The 2008 financial crisis, the report begins, "loudly marked the end of the industry’s adolescent growth spurt." Revenue growth in the next five years for the investment management industry will continue to slow, with net flows accounting for less than 1% of annual growth, compared with 6% to 7% pre-crisis.
Investors will continue to focus on outcomes over benchmarks. As such, they will favor firms who are able to deliver one or more of the following value propositions: high-alpha active management, cost-efficient beta, asset allocation expertise and solutions-led distribution. Cater to investors, especially since individual investors will drive asset management business growth going forward, providing around four-fifths of an anticipated $40 billion of net new revenue over the next five years.

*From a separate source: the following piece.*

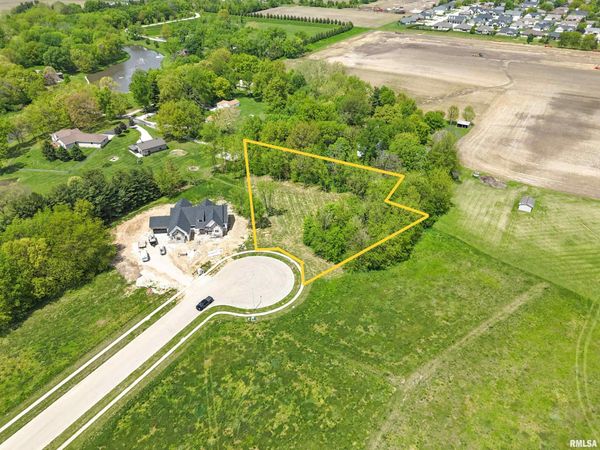 5000 BENTON Point, Springfield, IL 62711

Firms that provide uncorrelated and active equity, low-cost indexing, alternatives, multi-asset solutions like target date funds and liability-driven investing will take over as the most successful in the business, the report stressed. Key drivers for growth will also include democratization of alternatives, increasing popularity of customized and packaged investment solutions, globalizing portfolios, growing assets of wealthy individuals, and the rise of investors in emerging markets.
Other tactics that asset managers can employ to better serve the changing needs and wants of investors in the next five years include organizing well-led and resourced sales and marketing efforts, building strong technically skilled client interfaces, and implementing aggressive incentives for hiring talent.